Transcribe exactly the lines from the one holding "2.48LB Color Flame" through the closing line of the entries below. Pictures stay out of the copy.

(Records excerpted from a collection)
•••

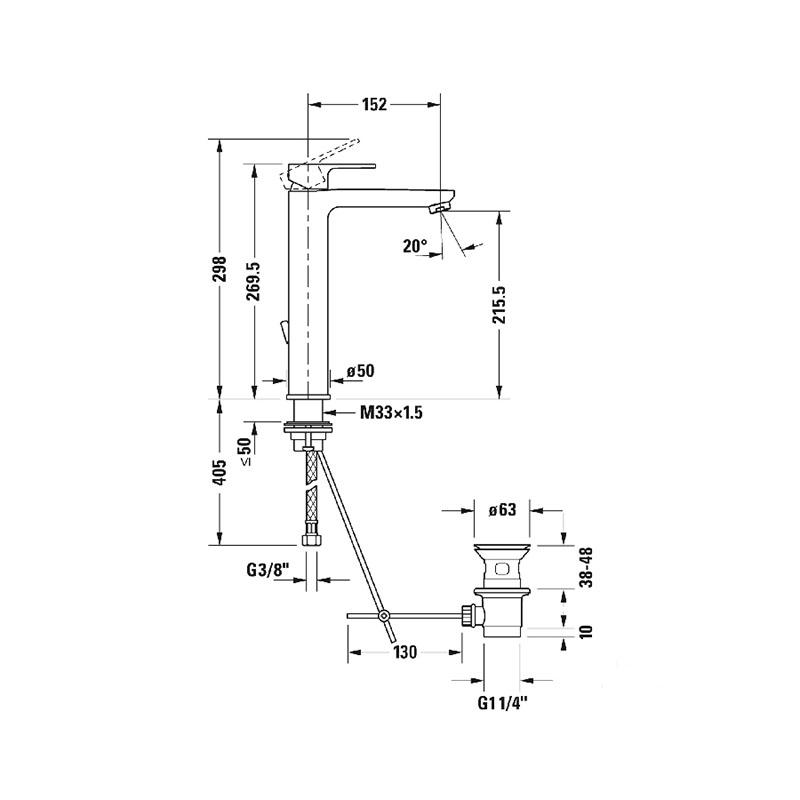 Duravit B.3 Однорычажный смеситель для раковины L Хром, B31030001010 - Изображение 2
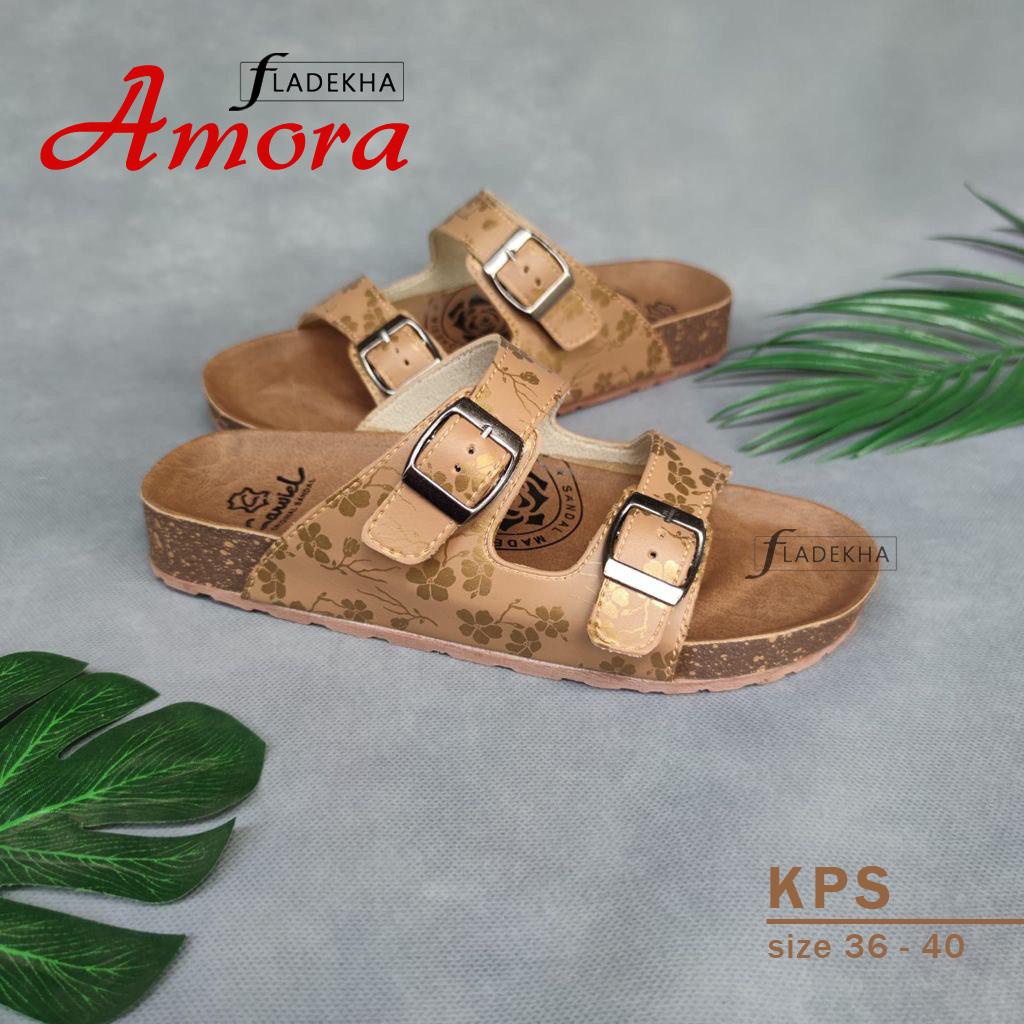 SANDAL WANITA MOTIF TERKINI/ SANDAL REMAJA SLIP ON/ SANDAL CEWEK STRAP 2 CARVIEL AMORA SERIES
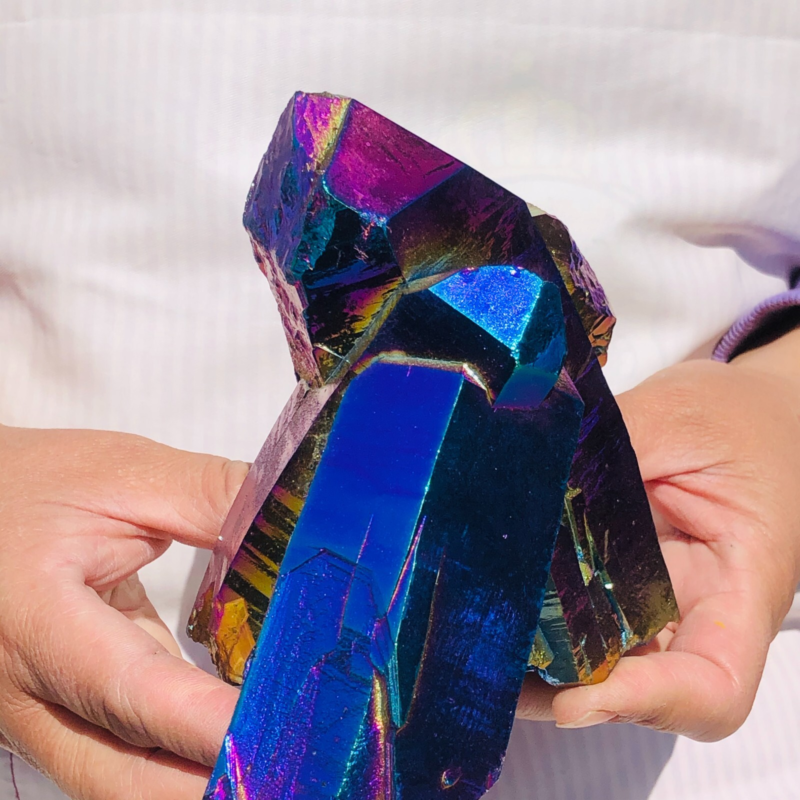 2.48LB Color Flame Aura Electroplate Quartz Crystal Specimen Healing point 450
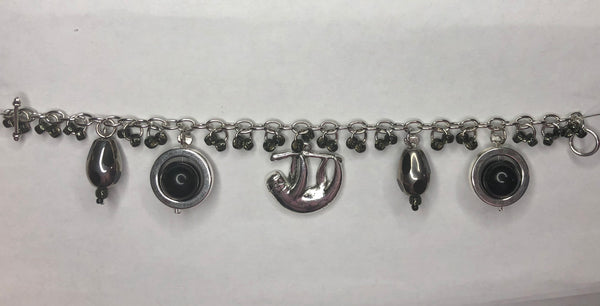 Black / Silver Bracelet with Sloth Charm 1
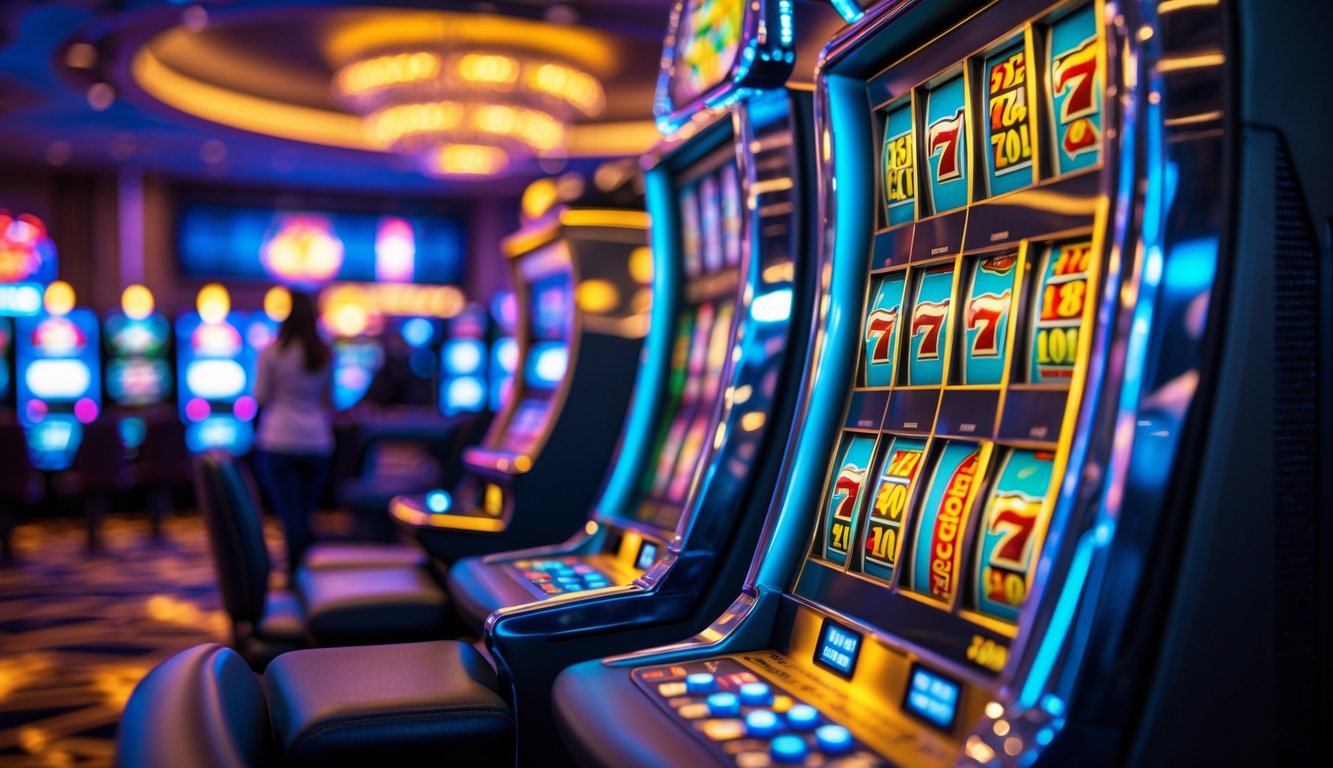 Mesin slot modern di dalam kasino dengan simbol kemenangan yang terlihat jelas dan suasana kasino yang ramai.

•••

Exercise output:
 2.48LB Color Flame Aura Electroplate Quartz Crystal Specimen Healing point 450
 Black / Silver Bracelet with Sloth Charm 1
 Mesin slot modern di dalam kasino dengan simbol kemenangan yang terlihat jelas dan suasana kasino yang ramai.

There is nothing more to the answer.